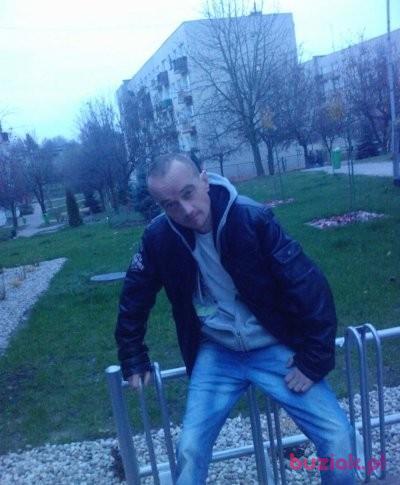 Michał, Male, 42, Ryki, Polska, Photo: 2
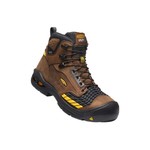 Keen `Keen Troy 6” KBF Class 75/75 EH WP Men’s NMT Toe Safety Boots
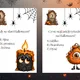 Halloweenská stezka 2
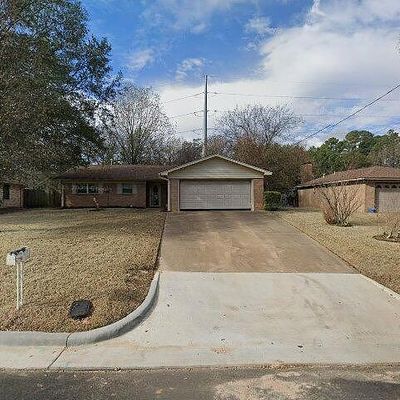 325 Donna Dr, Tyler, TX 75702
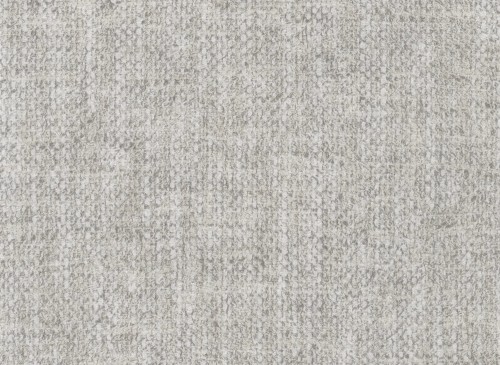 Wykładzina Heterogeniczna Gerflor Taralay Impression Hop Compact 0770 Gentlemen Clear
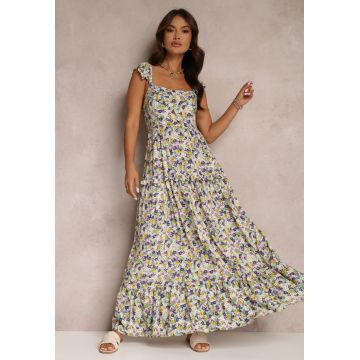 Rochie Mov Rochie Mov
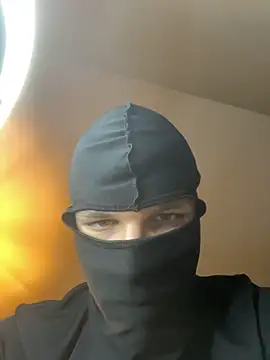 enzomlt online show from February 23, 11:50 pm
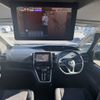 nissan serena 2018 -NISSAN--Serena DAA-GFC27--GFC27-082635---NISSAN--Serena DAA-GFC27--GFC27-082635- image 3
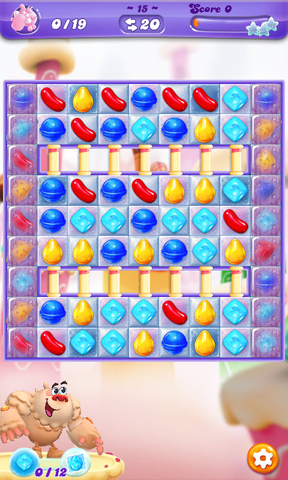File:Level 15 Mobile V3.png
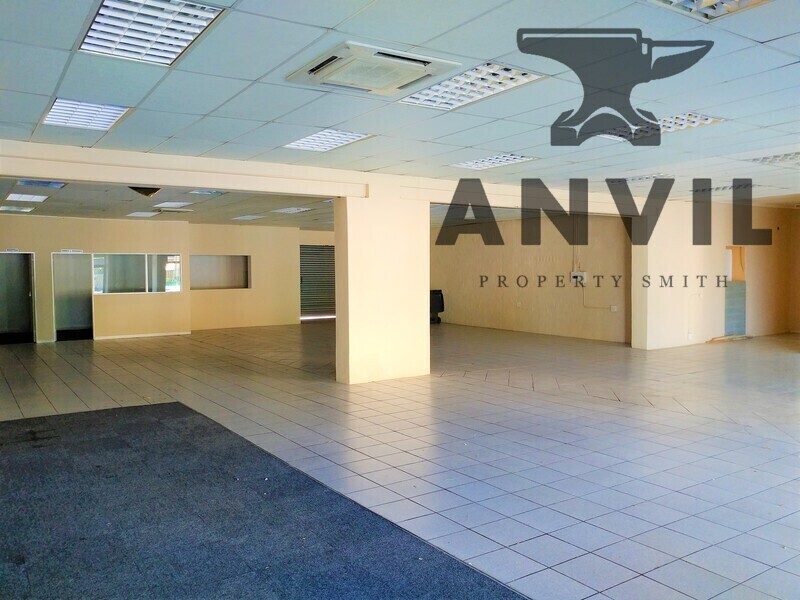 Strand 430m2 - Strand 430m2 property image 11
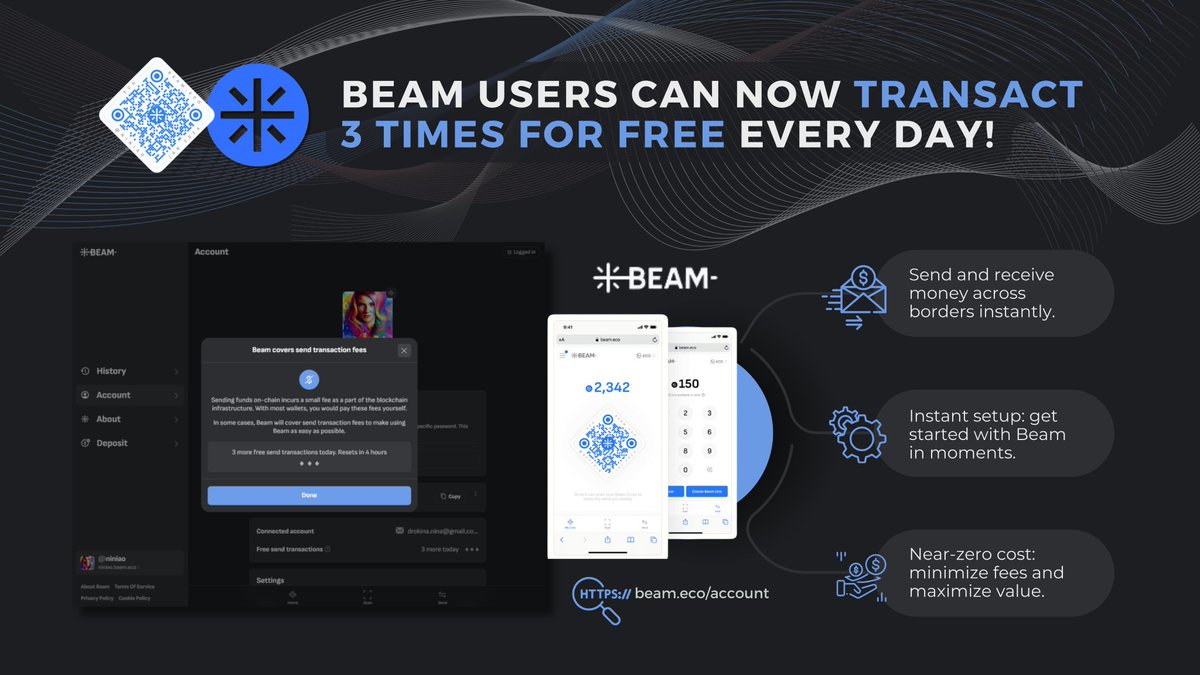 Nininiao tweet media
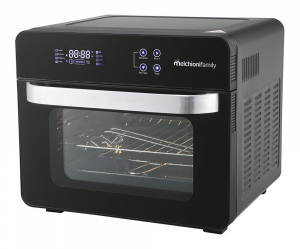 17456196483894-melchioni118340025forno24l1700wnero
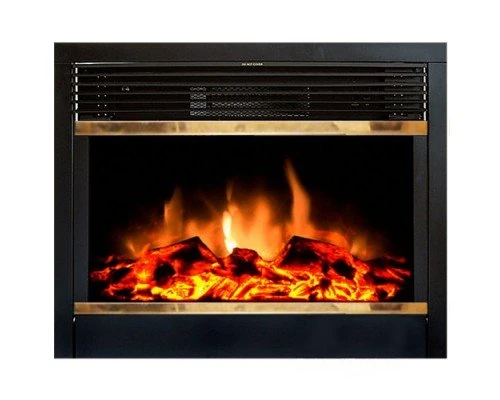 Изображение товара Электрокамин Interflame Jupiter FX M Brass с регулировкой и таймером Изображение товара Электрокамин Interflame Jupiter FX M Brass с регулировкой и таймером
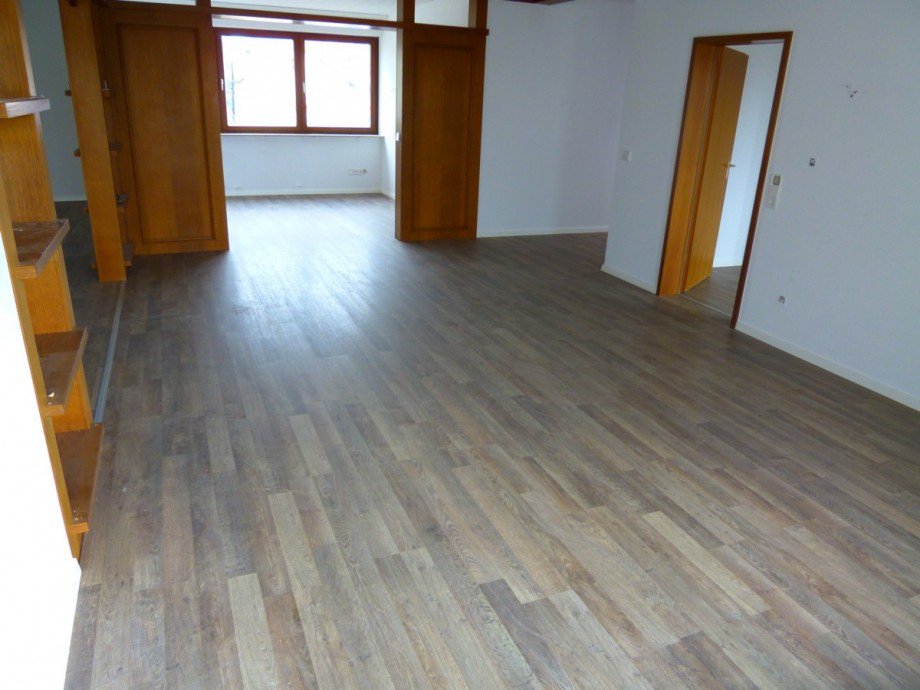 Essen Penthousewohnung Salach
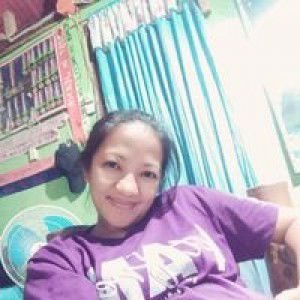 Mai Damz Minoy profile icon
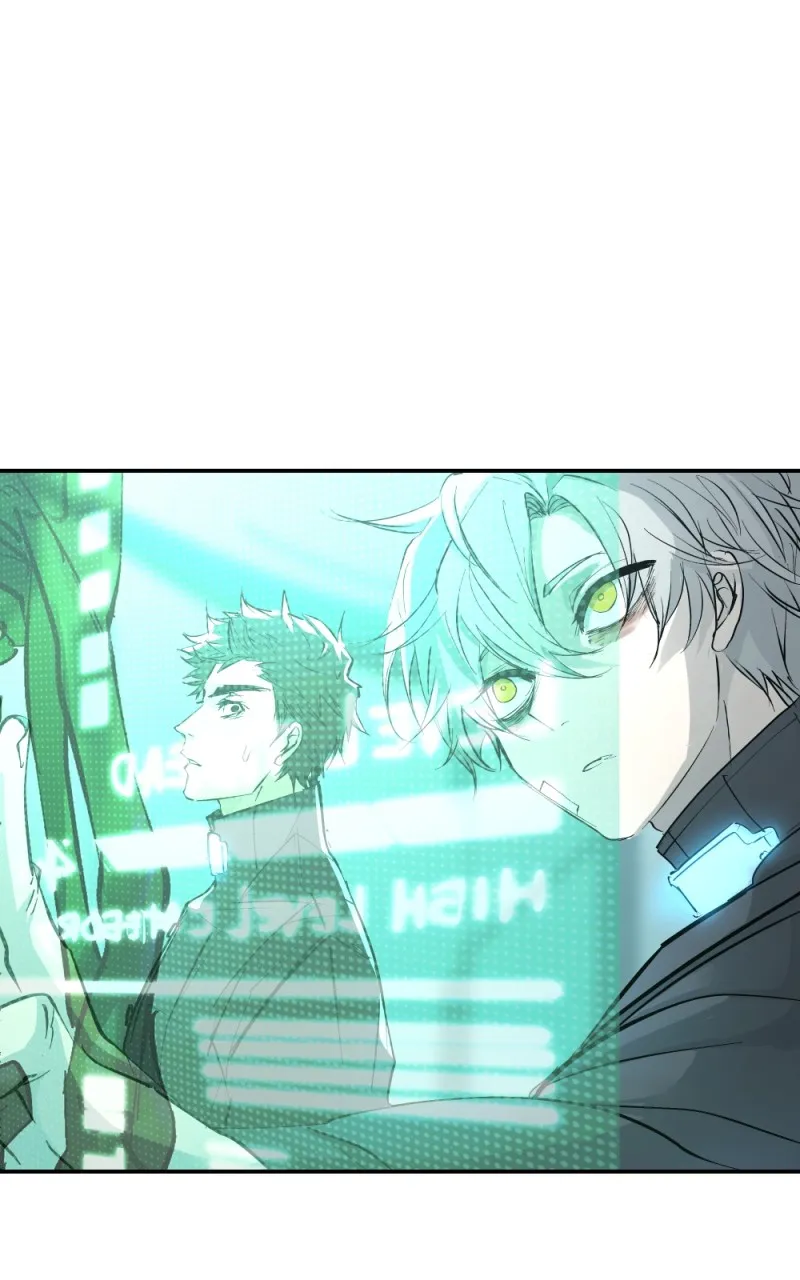 Read Red Spine chapter 2 image 103 on Lezhin
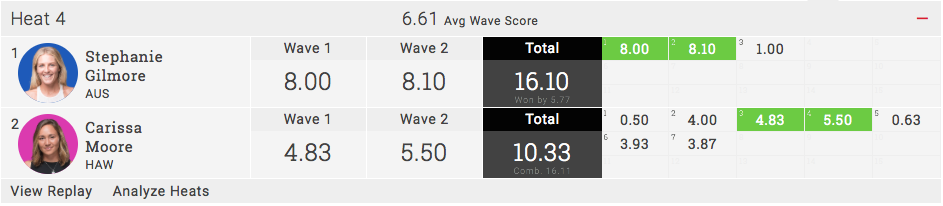 %e3%82%b9%e3%82%af%e3%83%aa%e3%83%bc%e3%83%b3%e3%82%b7%e3%83%a7%e3%83%83%e3%83%88-2016-09-13-9-46-38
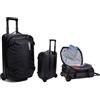 Thule Outdoor Trolley Chasm Carry On THULE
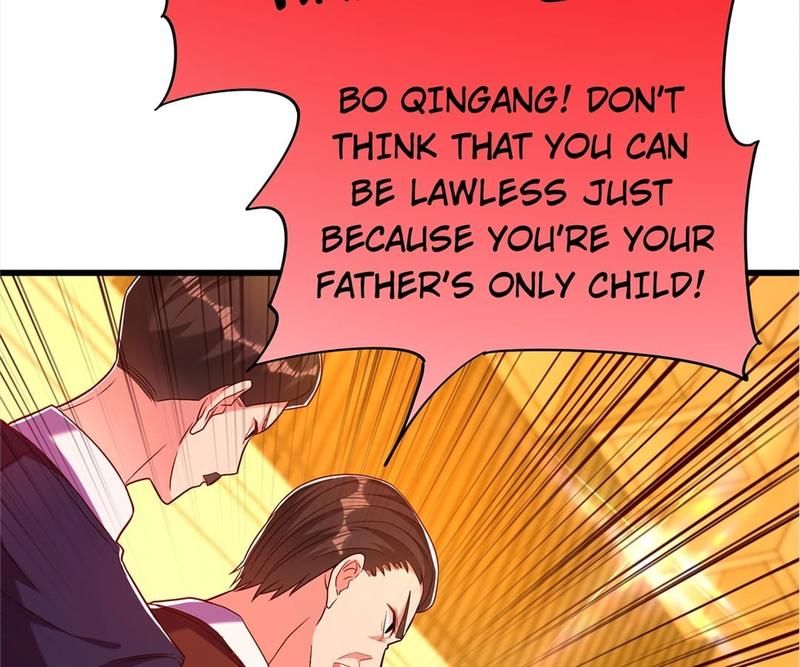 Don't Mess With Missy! - Episode 162 — page 69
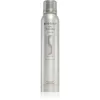 Image de Biosilk Silk Therapy Shine On spray de définition pour des cheveux brillants et doux 150 g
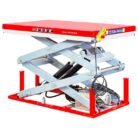 table-lvatrice-ciseaux-1780mm-1000kg-230v-mw-tools-tpsl1180 (1)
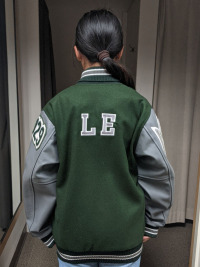 poway-letterman-jacket-0438
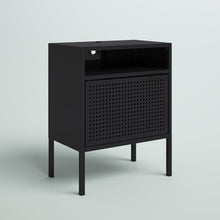 Load image into Gallery viewer, Zander Nightstand

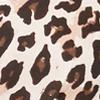 Leopard-Print Maxi Shirt - Image 4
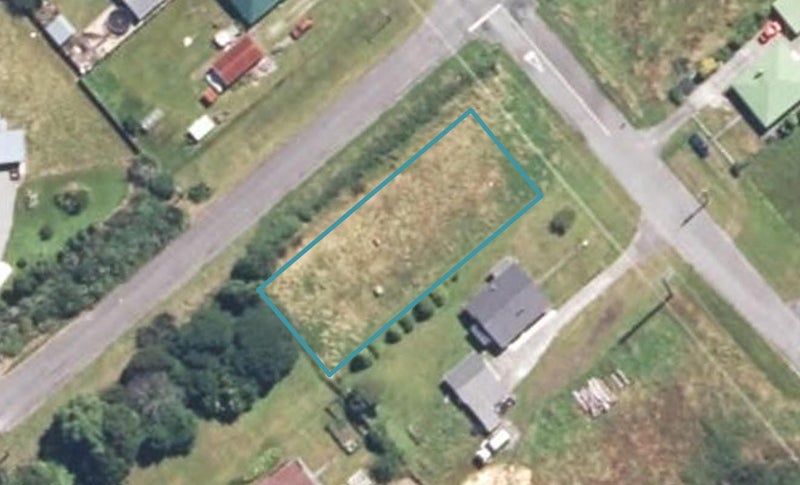 20 Ohau Street, DOBSON, GREYMOUTH - Carousel 1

WORK ORDER
Your answer must be an exact copy of the listing, minus its pictures.

REPLY
 Michał, Male, 42, Ryki, Polska, Photo: 2
 Keen `Keen Troy 6” KBF Class 75/75 EH WP Men’s NMT Toe Safety Boots
 Halloweenská stezka 2
 325 Donna Dr, Tyler, TX 75702
 Wykładzina Heterogeniczna Gerflor Taralay Impression Hop Compact 0770 Gentlemen Clear
 Rochie Mov Rochie Mov
 enzomlt online show from February 23, 11:50 pm
 nissan serena 2018 -NISSAN--Serena DAA-GFC27--GFC27-082635---NISSAN--Serena DAA-GFC27--GFC27-082635- image 3
File:Level 15 Mobile V3.png
 Strand 430m2 - Strand 430m2 property image 11
 Nininiao tweet media
 17456196483894-melchioni118340025forno24l1700wnero
 Изображение товара Электрокамин Interflame Jupiter FX M Brass с регулировкой и таймером Изображение товара Электрокамин Interflame Jupiter FX M Brass с регулировкой и таймером
 Essen Penthousewohnung Salach
 Mai Damz Minoy profile icon
 Read Red Spine chapter 2 image 103 on Lezhin
 %e3%82%b9%e3%82%af%e3%83%aa%e3%83%bc%e3%83%b3%e3%82%b7%e3%83%a7%e3%83%83%e3%83%88-2016-09-13-9-46-38
 Thule Outdoor Trolley Chasm Carry On THULE
 Don't Mess With Missy! - Episode 162 — page 69
 Image de Biosilk Silk Therapy Shine On spray de définition pour des cheveux brillants et doux 150 g
 table-lvatrice-ciseaux-1780mm-1000kg-230v-mw-tools-tpsl1180 (1)
 poway-letterman-jacket-0438
 Load image into Gallery viewer, Zander Nightstand

 Leopard-Print Maxi Shirt - Image 4
 20 Ohau Street, DOBSON, GREYMOUTH - Carousel 1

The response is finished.